A Circuit Court jury convicted Enio Ruben Tablas, 54, of two counts of third-degree sexual assault Friday. Tablas has been charged in another sexual assault case involving a passenger, but no trial date has been set in that case.
Under city rules, Tablas had been able to work as a cabdriver while the charges were pending. On Monday the city revoked his certificate.
“When the conviction came down, as mayor I picked up the phone and called the city’s Customer Services Department director,” Honolulu Mayor Kirk Caldwell said. “I said, ‘We have a conviction now, so we can take action.'”
The Customer Services Department oversees taxi operations. Director Sheri Kajiwara sent Tablas a letter Monday.
“The crimes that Mr. Tablas has been convicted of are highly disturbing,” Kajiwara said. “In the interest of public safety, my office is notifying Mr. Tablas and his current employers that his taxicab driver’s certificate is revoked effective immediately.”
On July 5, 2014, Tablas picked up a woman, then 21, who had been drinking in Waikiki. The woman testified that she felt safe because there were already two other passengers in the cab. Tablas dropped off the other passengers, then drove the woman to Kahala Beach, where he sexually assaulted her. Tablas then drove her home, and as she left he said, “Remember me … I’m the red cab.”

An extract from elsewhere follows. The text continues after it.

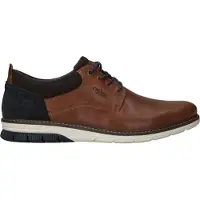 Rieker Chaussure à lacets bleu foncé / marron / chocolat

Tablas is free on bail but faces up to five years in prison on each of the two counts when he is sentenced Jan. 27. He will have to register as a sex offender.
He also faces two counts of sexual assault in the second case. A woman, 21, told police she was walking alone along Nuuanu Avenue at 1 a.m. March 29, 2014. She said she had been drinking, and Tablas approached her in his cab and offered her a free ride. She told police she passed out in the cab, and when she awoke Tablas was raping her. She said he told her to smile and took her picture before dropping her off near Ala Moana Center.

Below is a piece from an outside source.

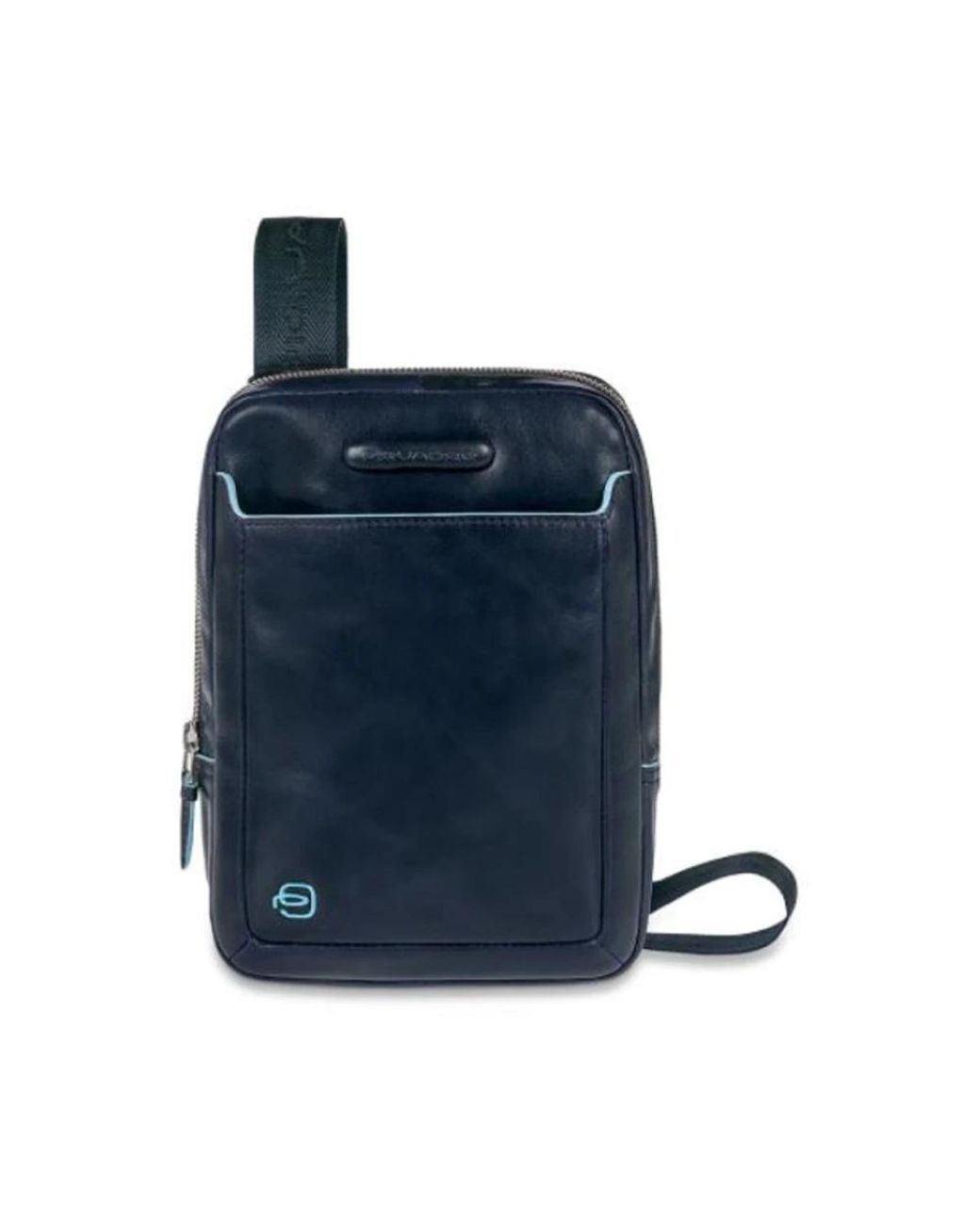 Piquadro Blue Cross Body Messenger for men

The charges against Tablas were highlighted in a September Honolulu Star-Advertiser series on the city’s oversight of the taxi industry. Although Tablas has past convictions for theft, driving with a suspended or revoked license due to DUI, failure to take a chemical test and numerous traffic violations in California and Hawaii, he was allowed to get a taxi license because the city’s criminal background checks go back only two years and are limited to Hawaii.